● **Data extract**:

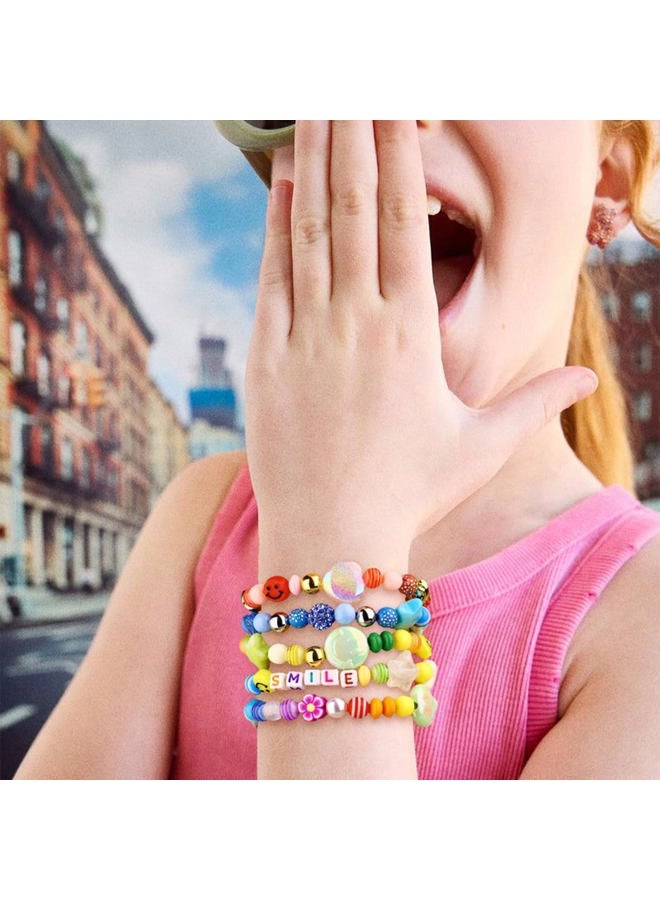 HolidayQbee Bead Bracelet Making Kit-657PCS Beads for Friendship Bracelet Making Kit Multicolor Bead Letter Alphabet Stars Heart Pony Beads for DIY Necklace Phone Charm Jewelry Accessories - Image 5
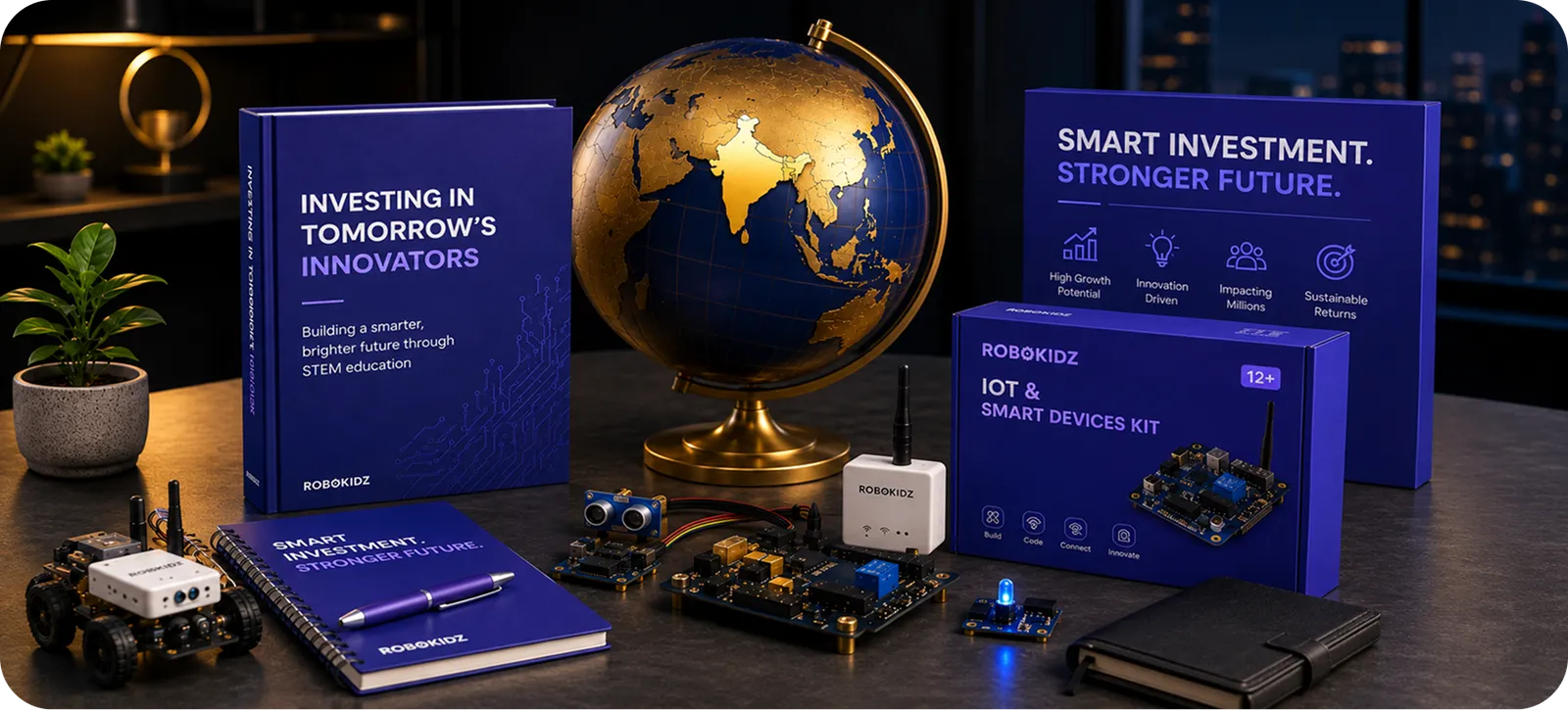 Investor hero — Robokidz products and globe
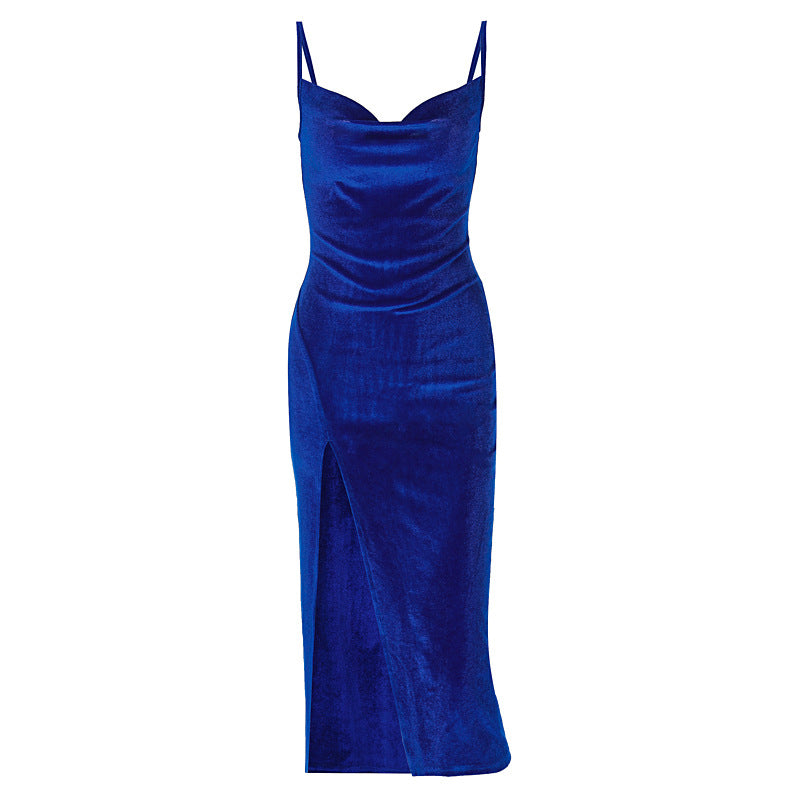 2024 Elegant Evening Gown For Women Summer Velvet Midi Bodycon Dress Women Sleeveless Off Shoulder Backless Party Club Dresses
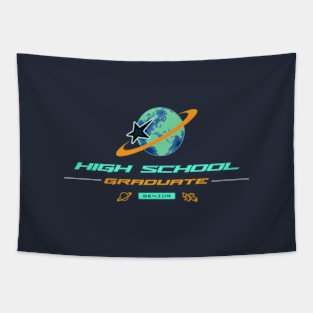 Graduate  High School Planet Graduate Tapestry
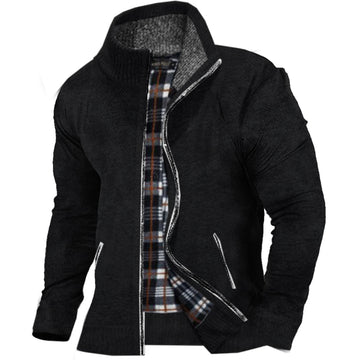 Men's Warm Loose Stand Collar Zip Knit Sweater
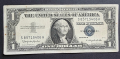 Банкнота 5 .  САЩ. Долар . 1 долар . Син печат . 1957 В  година.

● **What to do**: In your transcription of the listing above, match each line exactly and include no pictures.

● **Exercise response**:
 HolidayQbee Bead Bracelet Making Kit-657PCS Beads for Friendship Bracelet Making Kit Multicolor Bead Letter Alphabet Stars Heart Pony Beads for DIY Necklace Phone Charm Jewelry Accessories - Image 5
 Investor hero — Robokidz products and globe
 2024 Elegant Evening Gown For Women Summer Velvet Midi Bodycon Dress Women Sleeveless Off Shoulder Backless Party Club Dresses
 Graduate  High School Planet Graduate Tapestry
 Men's Warm Loose Stand Collar Zip Knit Sweater
 Банкнота 5 .  САЩ. Долар . 1 долар . Син печат . 1957 В  година.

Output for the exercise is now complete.